Knock! An Adventure Gaming Bric-a-brac (#1)
Knock! is a recently kickstarted zine full of goodness from the OSR blogosphere. It’s wonderfully designed, and crammed with information: the inside of the dust cover has a dungeoncrawl, the book cover itself has a demon generator, and the bookmark is a grimoire!
There’s not much original content in this issue, but that’s fine because there’s a lot of great blog posts out there! There’s a call for contributions open now, so we should see more original content that in future issues.
What’s in the book
Most of the book is blog posts and random tables (user adventurearth has put together a list of links on /r/osr), then towards the end there’s 60 pages of maps, monsters, new classes, and a few short adventures.
There’s some big names from the OSR scene.
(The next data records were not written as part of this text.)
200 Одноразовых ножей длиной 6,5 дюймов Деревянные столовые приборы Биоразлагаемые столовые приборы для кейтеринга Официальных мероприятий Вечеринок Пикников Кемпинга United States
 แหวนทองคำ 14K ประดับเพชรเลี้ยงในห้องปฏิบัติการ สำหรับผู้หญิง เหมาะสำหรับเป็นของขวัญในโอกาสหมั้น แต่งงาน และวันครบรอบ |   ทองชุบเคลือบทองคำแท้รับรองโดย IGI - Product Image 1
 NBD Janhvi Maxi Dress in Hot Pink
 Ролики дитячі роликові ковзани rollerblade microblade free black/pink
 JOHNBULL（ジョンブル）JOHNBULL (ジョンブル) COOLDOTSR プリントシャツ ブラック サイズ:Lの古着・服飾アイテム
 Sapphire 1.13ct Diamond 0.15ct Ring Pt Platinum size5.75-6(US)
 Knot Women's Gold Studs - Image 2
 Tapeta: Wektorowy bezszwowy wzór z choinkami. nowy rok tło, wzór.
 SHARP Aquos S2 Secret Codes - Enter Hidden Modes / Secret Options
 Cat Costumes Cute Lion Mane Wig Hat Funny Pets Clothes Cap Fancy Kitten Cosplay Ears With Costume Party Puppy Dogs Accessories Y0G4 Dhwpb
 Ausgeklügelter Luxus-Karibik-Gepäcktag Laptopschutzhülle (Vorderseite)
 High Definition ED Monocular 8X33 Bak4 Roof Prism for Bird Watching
A few I recognised are Emmy Allen (cavegirl), Arnold K (Goblin Punch), Ben Milton (Questing Beast), and Gavin Norman (Necrotic Gnome).
I’ve found immediate practical use from a few of the articles:
- Monster Design from Classics - The Lich and Just Use Bears, for monster design.
- Dungeon Checklist and The Labors of Hercules as OSR Obstacles, for adventure design.
- 8 statues encounters, where I’ve just lifted one for an adventure I’m writing.
I love this “something to experiment with” from the Dungeon Checklist:
A boat golem that flees from loud noises. You can direct it by standing at the back of it and shouting.
Such a fun image.
There are a few more “theory” heavy articles, like Leaving Kansas, that I want to return to and think about some more.
Other than in paper size, the book really feels like a magazine. The pages are nice and glossy, there’s art on almost every two-page spread, and each article has a distinct layout.
It might sound jarring, but the art-heavy varied-layout style really works in this case, because the articles are all independent.
My only complaints
Are very minor, really. Certainly not show-stoppers.
Firstly, the spine is printed upside down. Look at it compared to some of my other RPG books:
Apparently that might be a French thing.
Secondly, there’s a surprising number of typos! It’s clear that a lot of effort went into the layout of this zine, so it’s surprising to me that there are issues like missing spaces or misspelled words. The Useless Magical Loot article is particularly bad for this.
Even the foreword, right at the start of the book, misspells “millenials” (should have two “n”s).
And finally, there are a few small inconsistencies in the text. Like the spine saying “An Old School Gaming Bric-a-Brac” but the inside cover saying “An Adventure Gaming Bric-a-brac”.
None of these are major problems though, and I’ve seen a few other people mention them, so I hope the editing will improve a bit for issue #2.